EXERCISE INSTRUCTIONS:
Give back each line of the data exactly as it reads, minus the pictures.

MATERIALS PROVIDED:
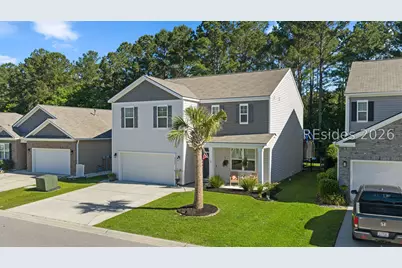 2308 Blakers Boulevard, Bluffton, SC 29909 - Photo 41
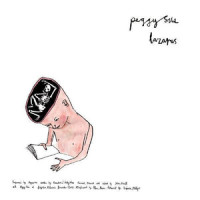 Lazarus_Peggy Sue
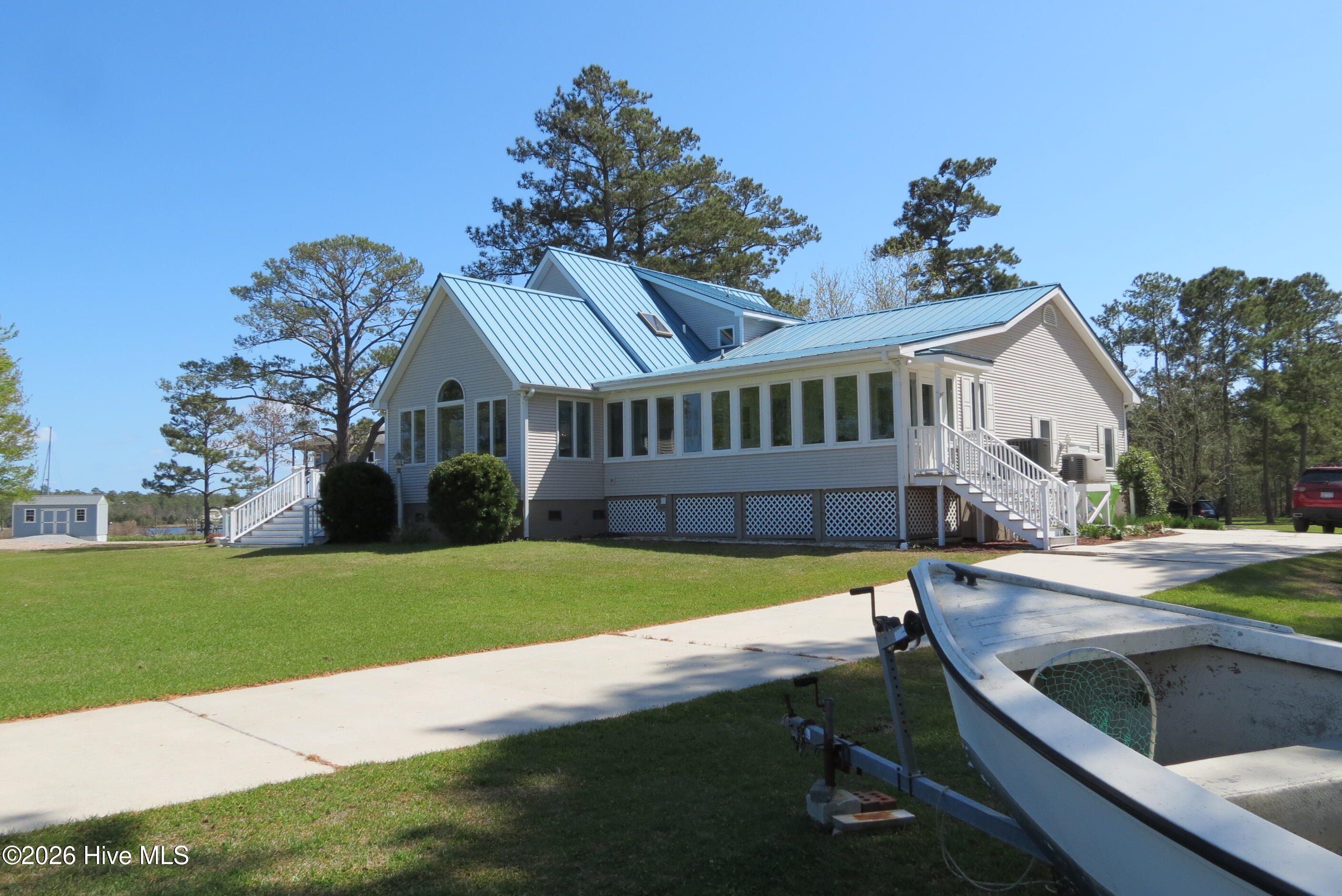 609 Mills Road Oriental, NC 28571 - Photo 16 of 85 IMG_2660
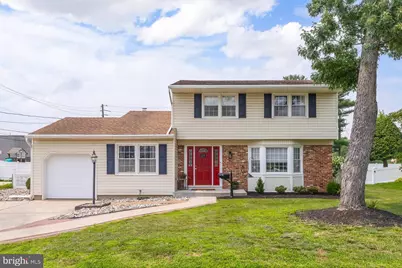 117 Central Avenue, Woodbury Heights, NJ 08097 - Photo 1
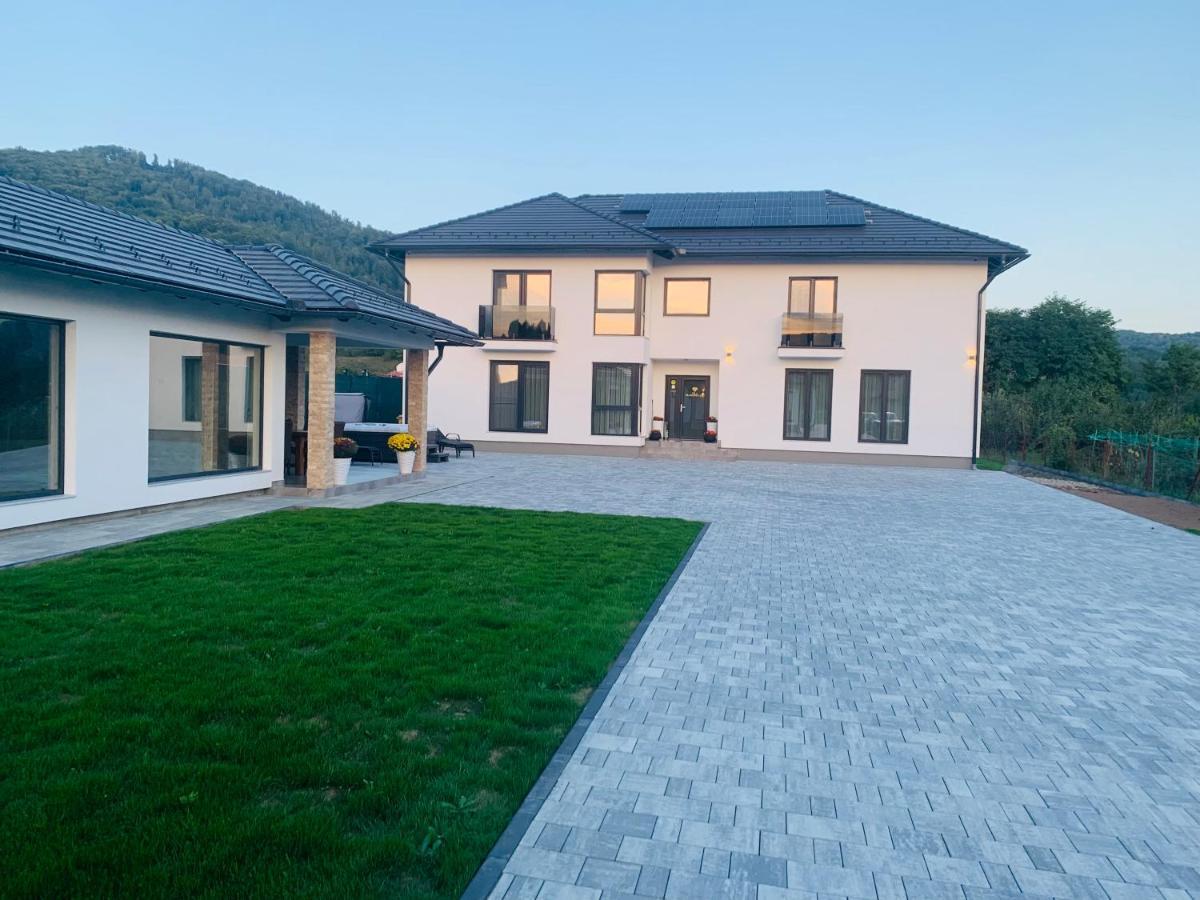 Vila Diamond Lux&Spa Совата Екстер'єр фото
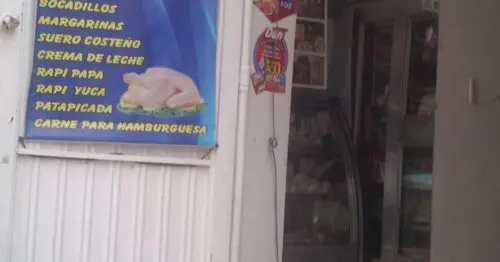 DISTRIBUIDORA LA ECONOMICA DISTRIBUIDORA LA ECONOMICA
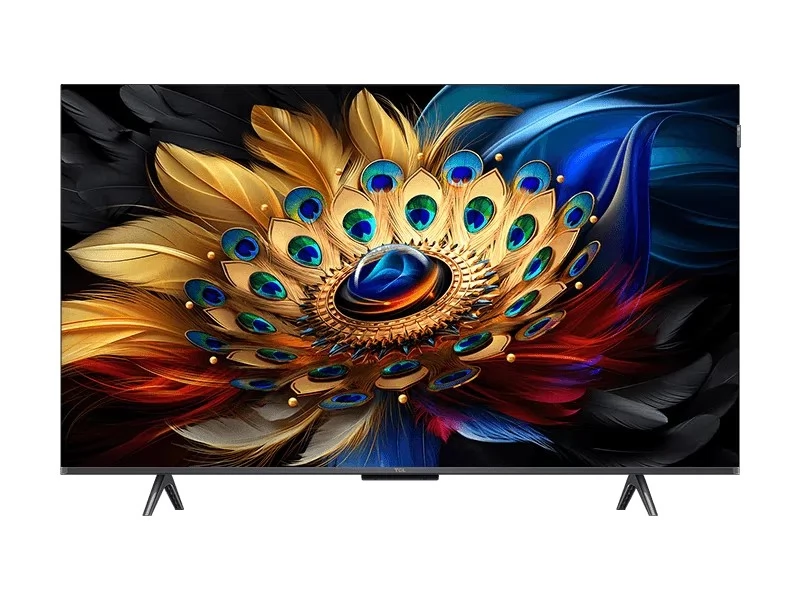 TCL 43C655 43"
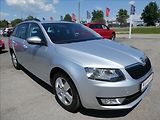 Škoda Octavia 1,4 TSi 103kW DSG 1.majitel - náhled 1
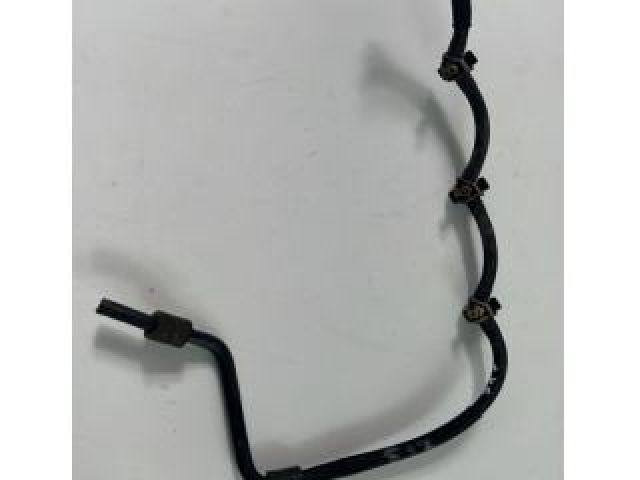 bontott AUDI A4 B9 Résolajcső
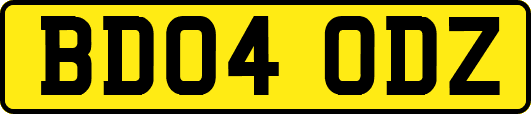 BD04ODZ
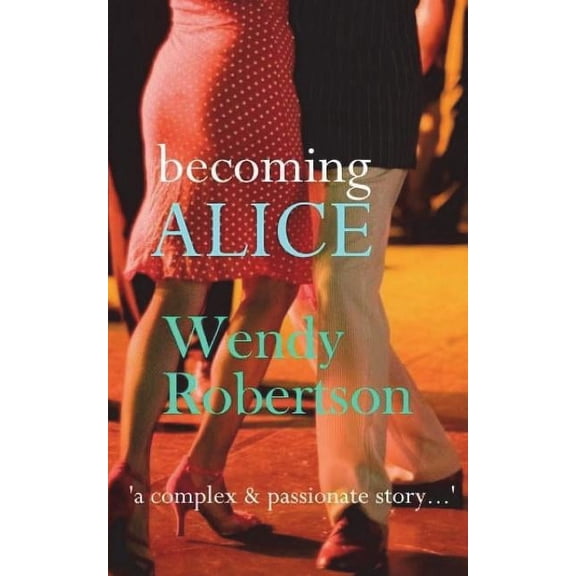 Lifespan: Becoming Alice: Lifespan 1941-1951 (Paperback)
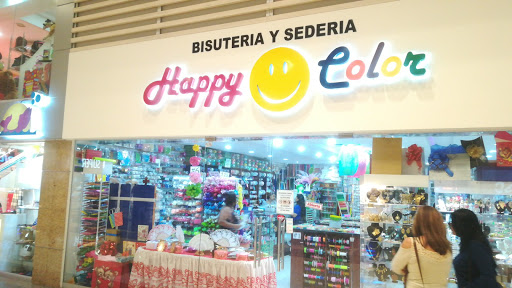 Happy Color | El Dorado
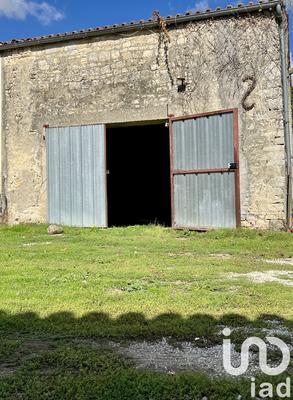 Maison - 76 m² - 4 pièces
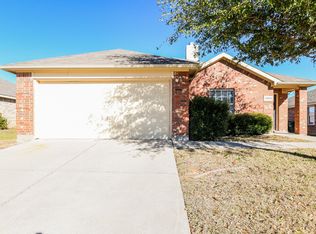 14044 Tanglebrush Trl, Haslet, TX 76052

YOUR RESPONSE:
 2308 Blakers Boulevard, Bluffton, SC 29909 - Photo 41
 Lazarus_Peggy Sue
 609 Mills Road Oriental, NC 28571 - Photo 16 of 85 IMG_2660
 117 Central Avenue, Woodbury Heights, NJ 08097 - Photo 1
 Vila Diamond Lux&Spa Совата Екстер'єр фото
 DISTRIBUIDORA LA ECONOMICA DISTRIBUIDORA LA ECONOMICA
 TCL 43C655 43"
 Škoda Octavia 1,4 TSi 103kW DSG 1.majitel - náhled 1
 bontott AUDI A4 B9 Résolajcső
 BD04ODZ
 Lifespan: Becoming Alice: Lifespan 1941-1951 (Paperback)
 Happy Color | El Dorado
 Maison - 76 m² - 4 pièces
 14044 Tanglebrush Trl, Haslet, TX 76052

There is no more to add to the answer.